Little is known about his childhood period. However, a few significant events will influence his entire life; driven out of Paris by the war of 1870, his family took refuge in Ax-les-Thermes, in Ariège, with an uncle. For the young boy, the discovery of nature will be a revelation and a marvel.
In 1880, the young man was trained in pictorial art by the history painter Emile Bin; he initially provided illustrations for various newspapers in Montmartre.

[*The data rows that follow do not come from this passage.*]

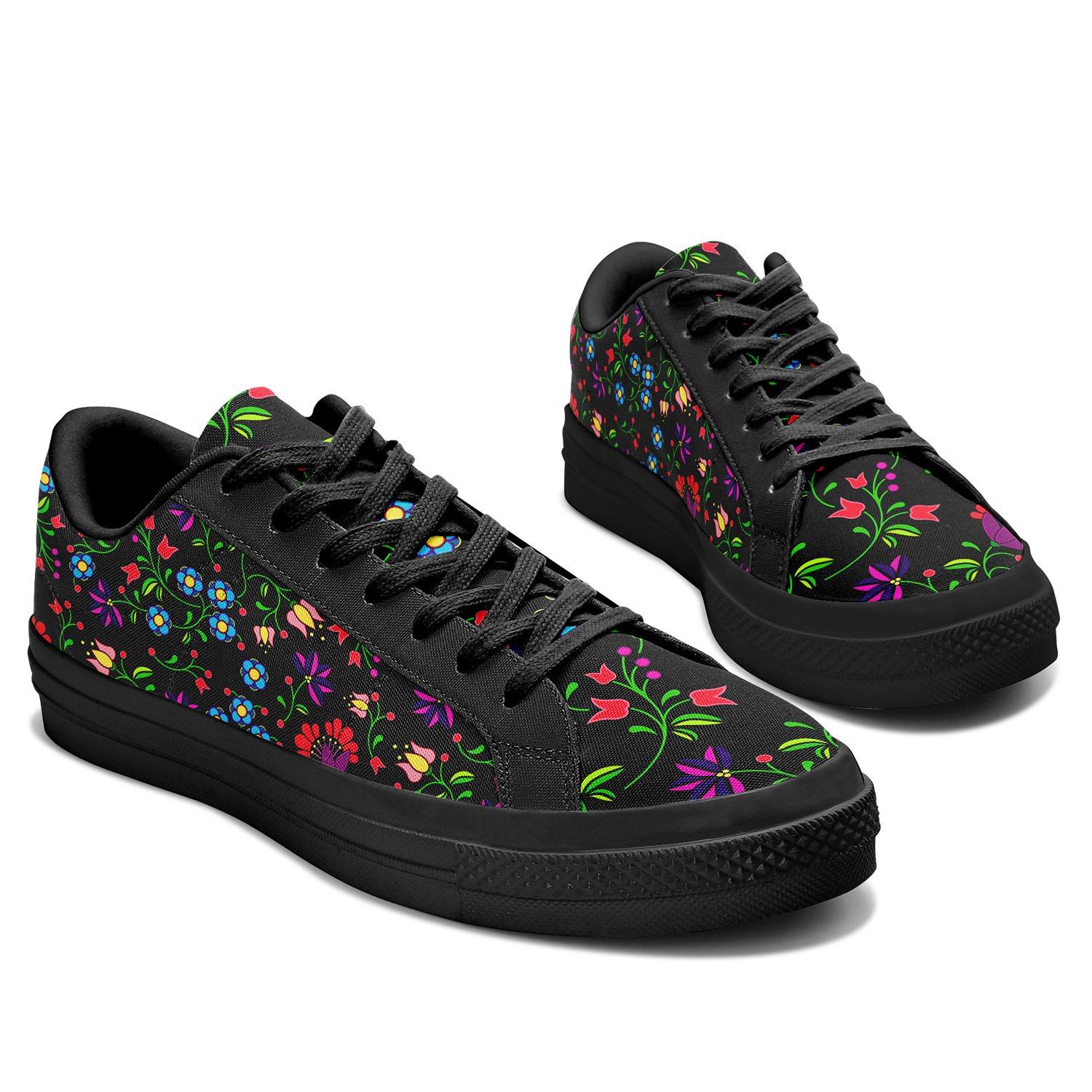 Fleur Indigine Aapisi Low Top Canvas Shoes Black Sole aapisi Herman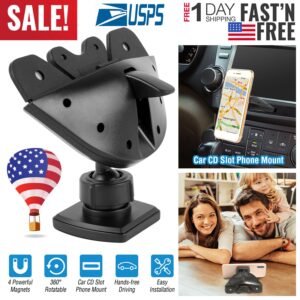 Car Phone Holder CD Slot Phone Mount Stand 360? Rotatable Magnetic Smartphone GPS Hands-free Driving Holder For iPhone XS/XS Max/Samsung Galaxy S11/S1 - Image 4
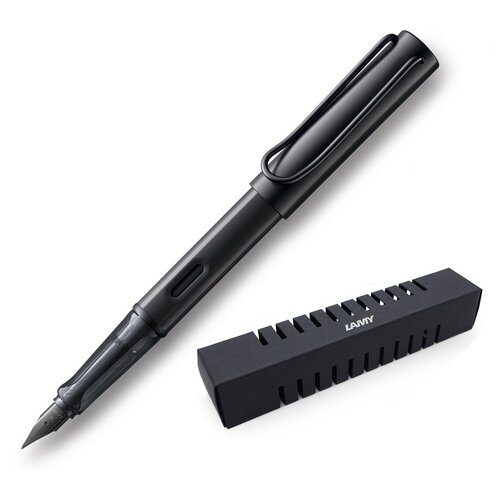 перьевая ручка lamy al star black перо m 4000528 Перьевая ручка LAMY AL-star, F, черный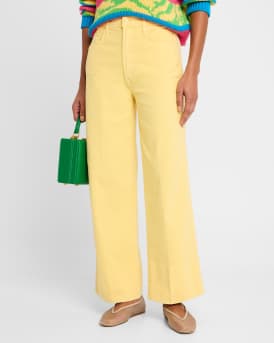 The Maven Wide Hem Ankle Jeans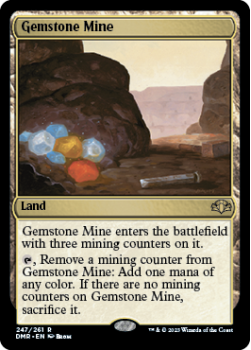 Gemstone Mine single card from Magic the Gathering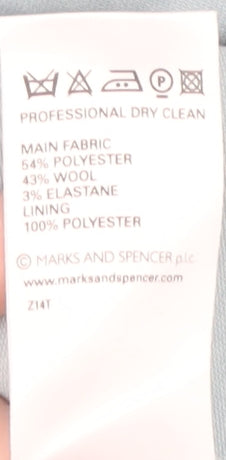 Marks and Spencer Women's Blue Blazer Size 10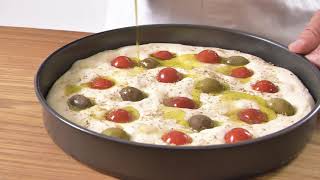 Focaccia Barese  Video Ricetta [upl. by Aillicsirp]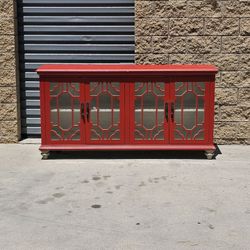 Red Sideboard Dresser/chest End Hall Table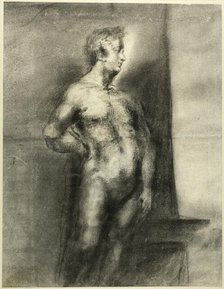 Nude Male Figure, n.d. Creator: Unknown.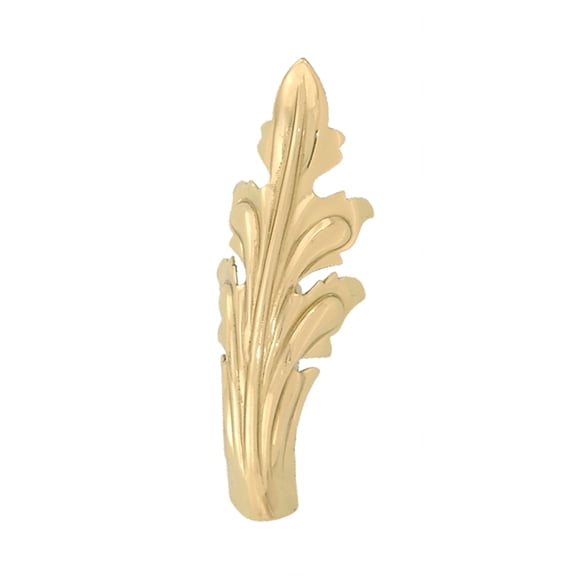 B&P Lamp® Stamped Brass Leaf, 3 3/8" Ht.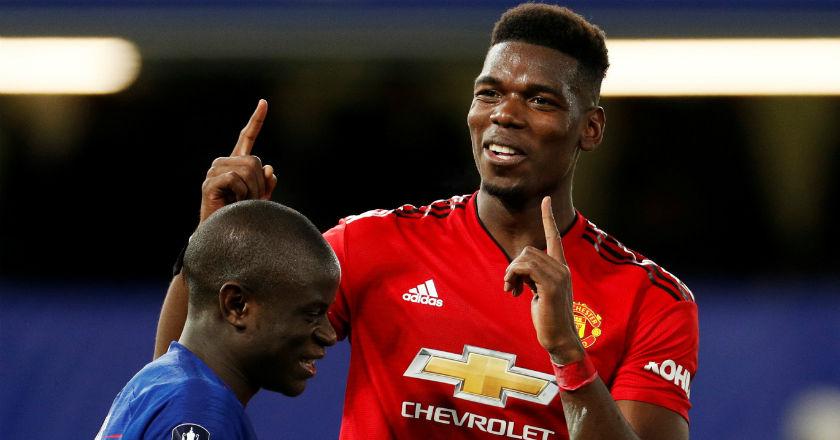 Pogba Tampil Ciamik, Manchester United Hempaskan Chelsea 0-2 di FA Cup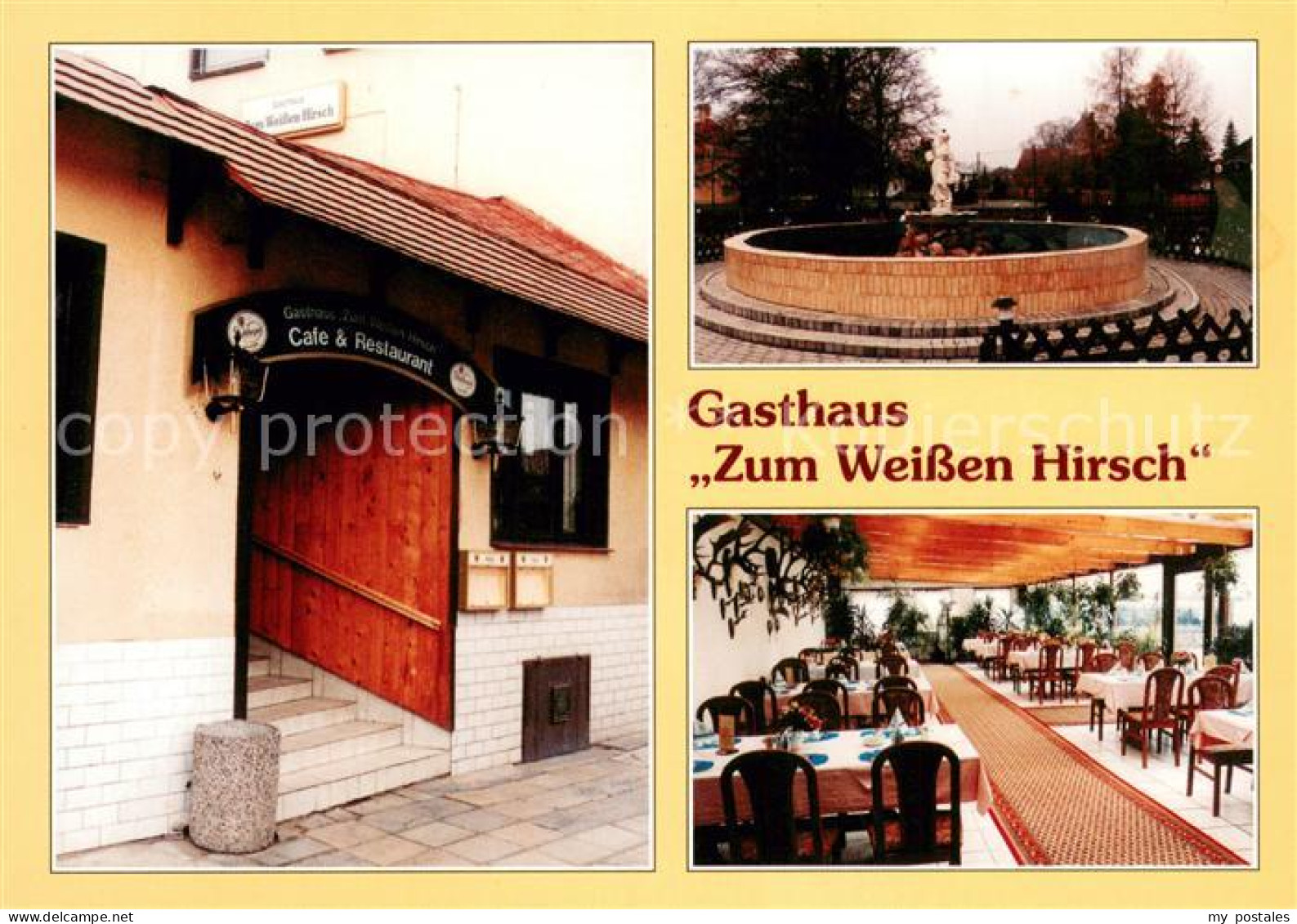 73659710 Gross Schoenebeck Gasthaus Zum Weissen Hirsch Restaurant Brunnen Gross  - Finowfurt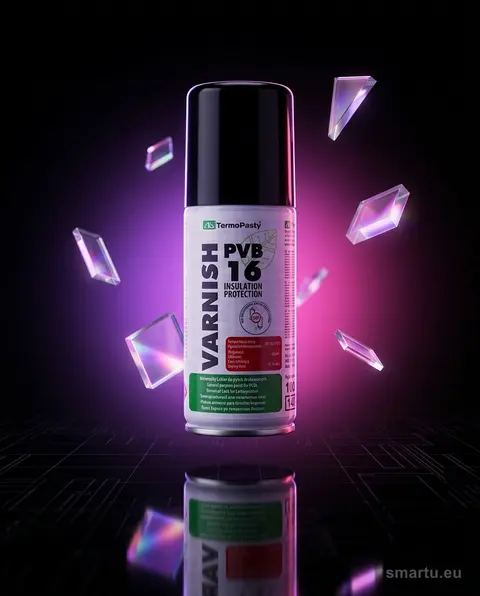 Spray Lakier PVB 16 100ml AG, Przezroczysta Powłoka Ochronna dla Elektroniki Spray Lakier PVB 16 100ml AG, Przezroczysta Powłoka Ochronna dla Elektroniki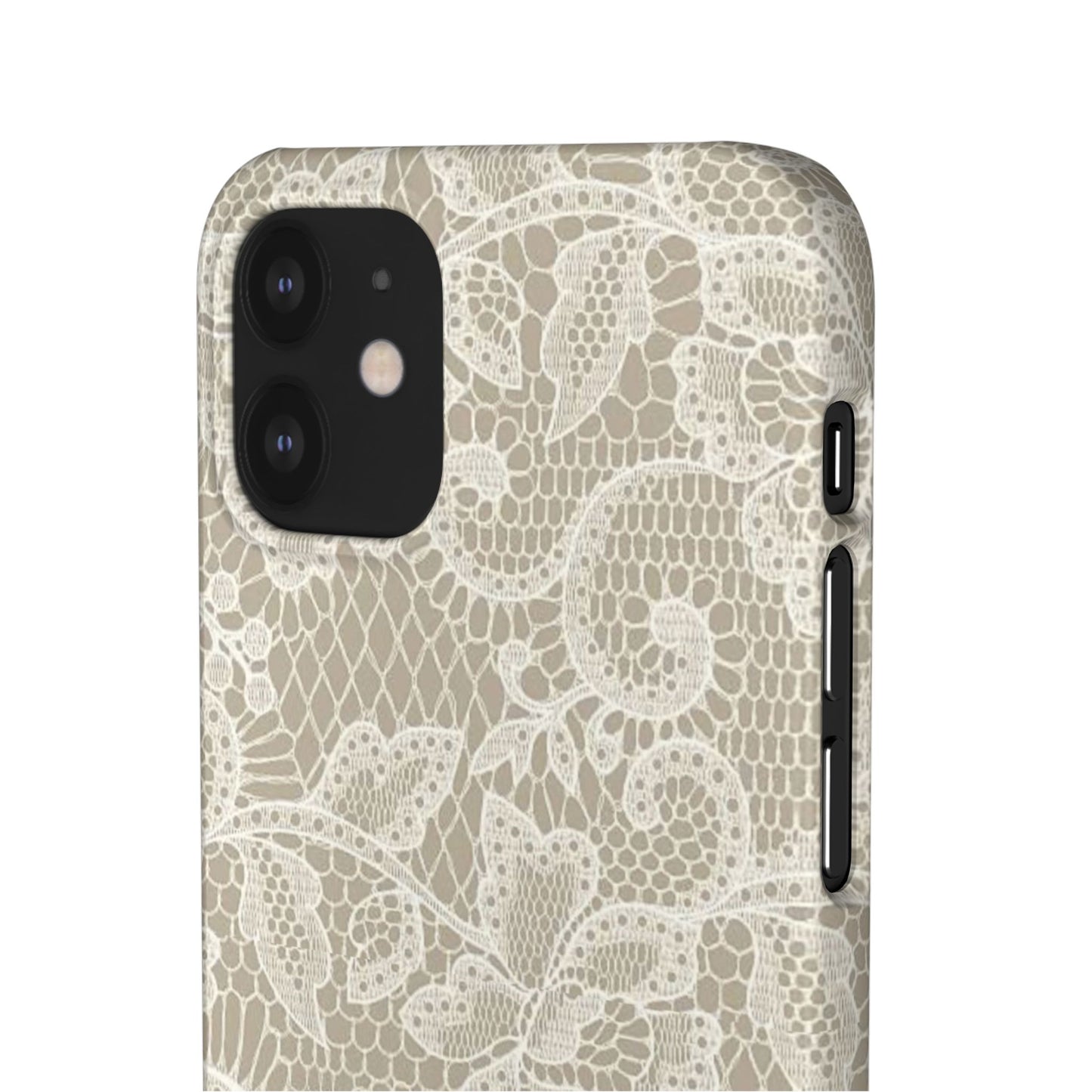White Lace Phone Case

Strongly inspired by the work of Gustave Doré, he began his career with drawing, then in 1882 engraving, particularly etching. At the same time, in 1886, he began a career as director and set designer for the Théâtre d'ombres at the Chat noir cabaret, shows that he improved by creating highly innovative colour sets. He was artistic director until the famous cabaret closed in 1897. Henri Rivière then devoted himself exclusively to painting and engraving and established himself in the history of printmaking (etching, woodcutting, lithography) and watercolour.
Henri Rivière was a key player in the revival of colour printing at the end of the 19th century.
It was in the shop of Siegfried Bing ("L'Art nouveau" in Paris), frequented at the end of the 1890s, in the company of his friend George Auriol, that he had the revelation of the new aesthetics of Japanese graphic art. From then on, he combined off-centre layout, flat colours and synthetic silhouettes in his works. Henri Rivière willl be especially famous for his colour representations of the often nostalgic landscapes of Brittany, which he exhibited in 1892 at the Société des peintres-graveurs.
A Japanese artist par excellence, he gathered an important collection of Japanese prints that nourished his work. His style is often compared to the famous Hasui Kawase (1883-1957) to whom the Japanese government conferred the title of "National Treasure" in 1953.
From 1885 to 1895, Henri Rivière stayed every summer in Saint-Briac-sur-Mer, while travelling to other places in Brittany, always fascinated by the sea, which was to be one of his most important themes.
In 1888, Auguste Lepère and Félix Bracquemond, together with other engravers, created the magazine "L'Estampe originale" in order to interest artists and amateurs in the new processes and trends of engraving, especially in colour. It was during this period, when Japanism had a great influence on the decorative arts, that Henri Rivière produced, from 1888 to 1902, his famous album "Les Trente-six vues de la Tour Eiffel", inspired by Hokusai's "Les Trente-six vues du Fuji-Yama" (Thirty-six views of the Eiffel Tower).
In 1917, Henri Rivière definitively stopped expressing himself through printmaking and devoted himself to watercolor, which he had been practicing since 1890 during his peregrinations in France. The watercolours he painted on the motif are now of a more colourful and impressionistic expression; the artist produced about a thousand of them. He travels a lot, spends the Second World War in Buis-les-Baronnies where his wife dies in 1943. A year later he lost his sight, and began to dictate his memoirs, which were published in 2004 under the title "Les Détours du chemin - Souvenirs, notes and sketches -1945-1947".
Henri Rivière died in Sucy-en-Brie in 1951.